> Task item: Copy exactly and only the lines running from the one that contains "aerial view of river and grassland" to the final line of the data below, without the pictures.

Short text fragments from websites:
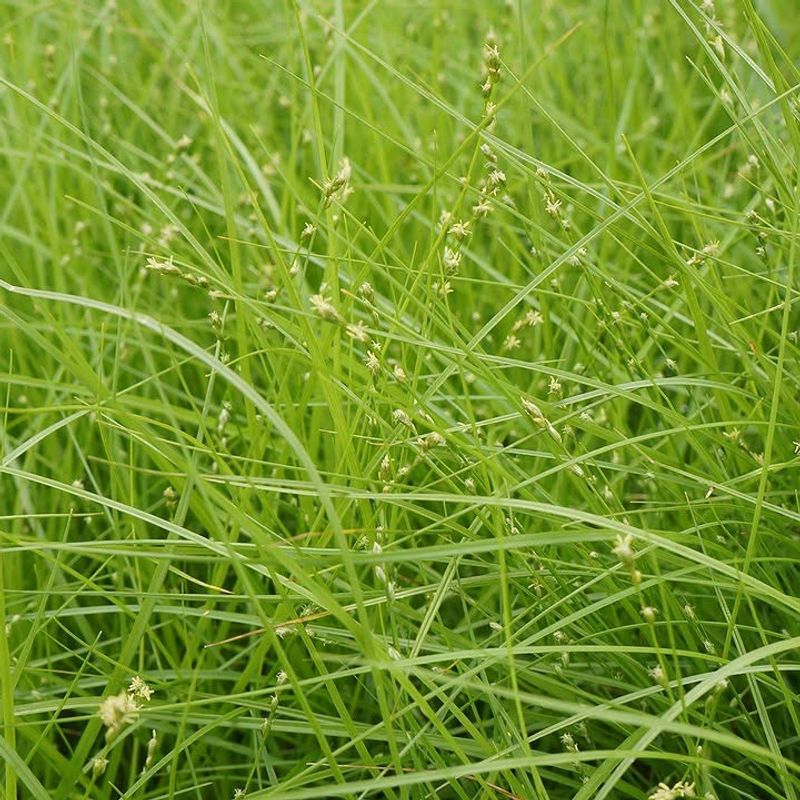 Carex / Sedge Meadow Carex / Sedge Meadow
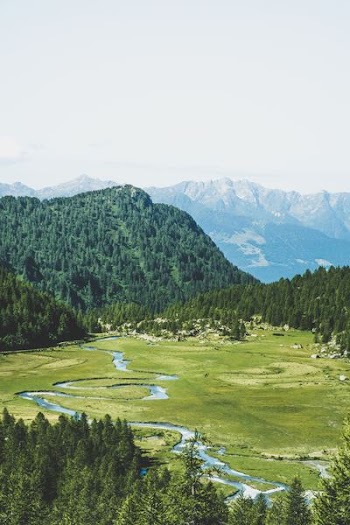 aerial view of river and grassland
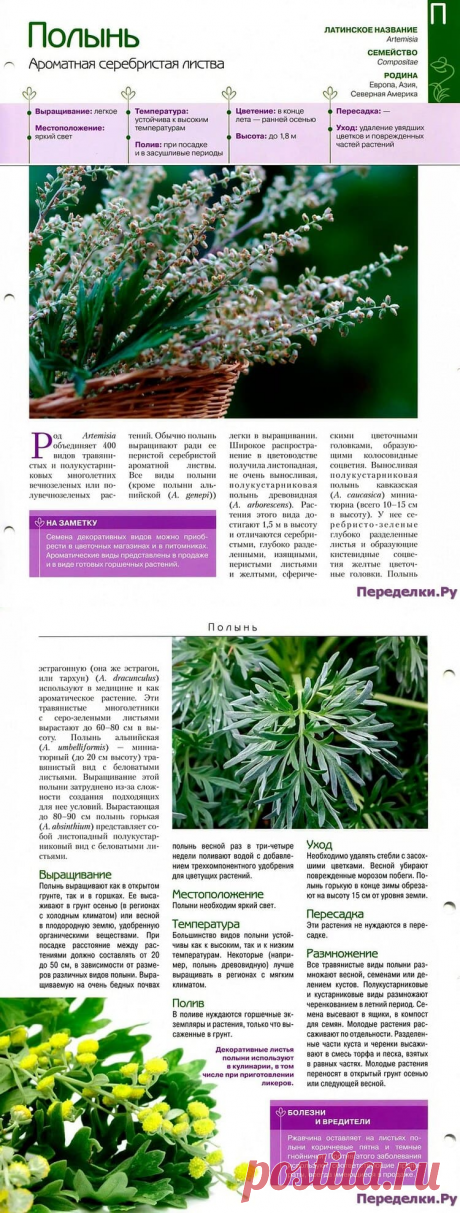 Полынь * Переделки.РуПеределки.Ру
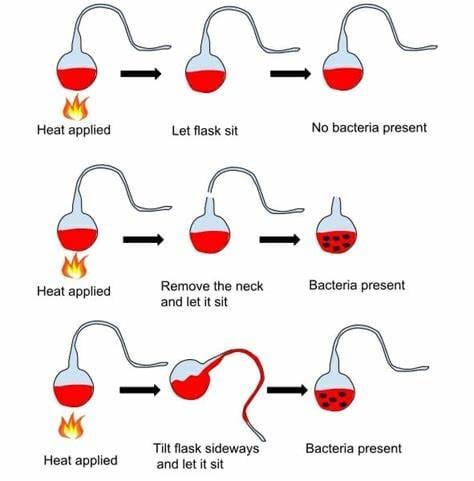 How Revolutionary Ideas Are Born
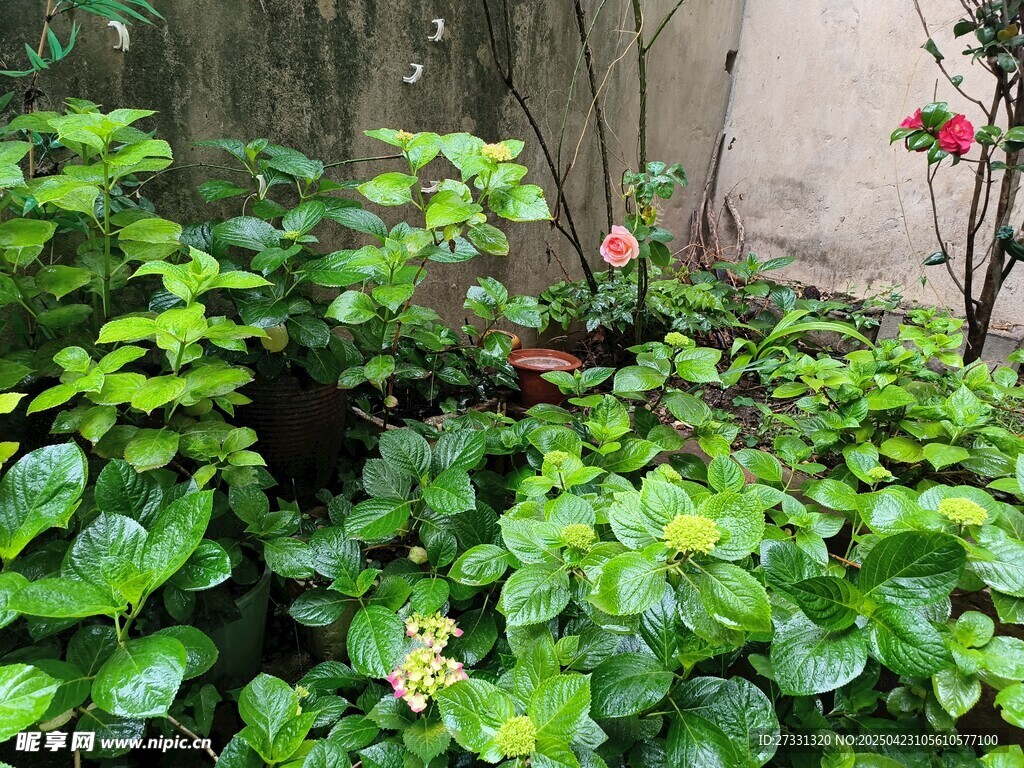 綠意盎然的庭院植物景觀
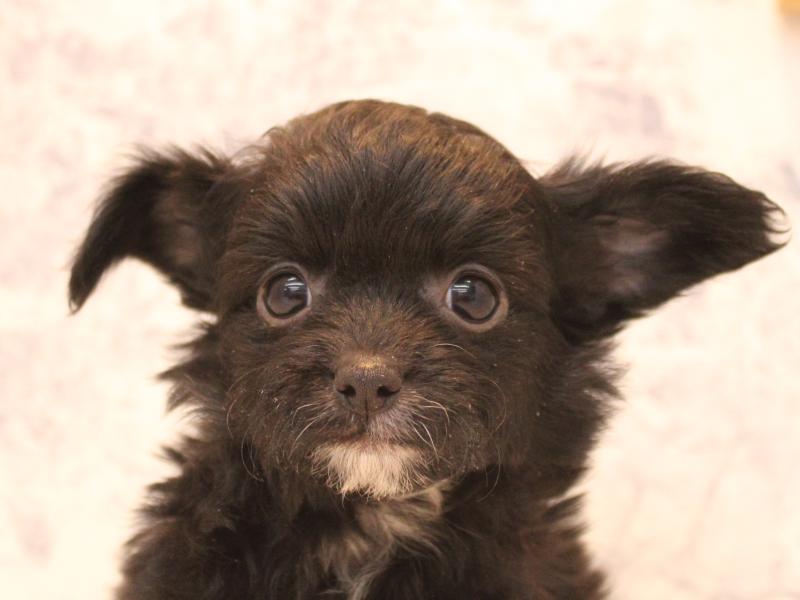 埼玉県のチワプー/プーチー(チワワ×プードル) (ワンラブ埼玉寄居店/2026年1月26日生まれ/男の子/ブラック)の子犬の1枚目の画像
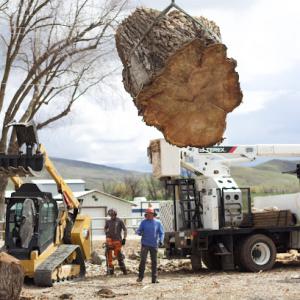 2 Rivers Tree Service & Hardscapes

> Answer for the task:
 aerial view of river and grassland
 Полынь * Переделки.РуПеределки.Ру
 How Revolutionary Ideas Are Born
 綠意盎然的庭院植物景觀
 埼玉県のチワプー/プーチー(チワワ×プードル) (ワンラブ埼玉寄居店/2026年1月26日生まれ/男の子/ブラック)の子犬の1枚目の画像
 2 Rivers Tree Service & Hardscapes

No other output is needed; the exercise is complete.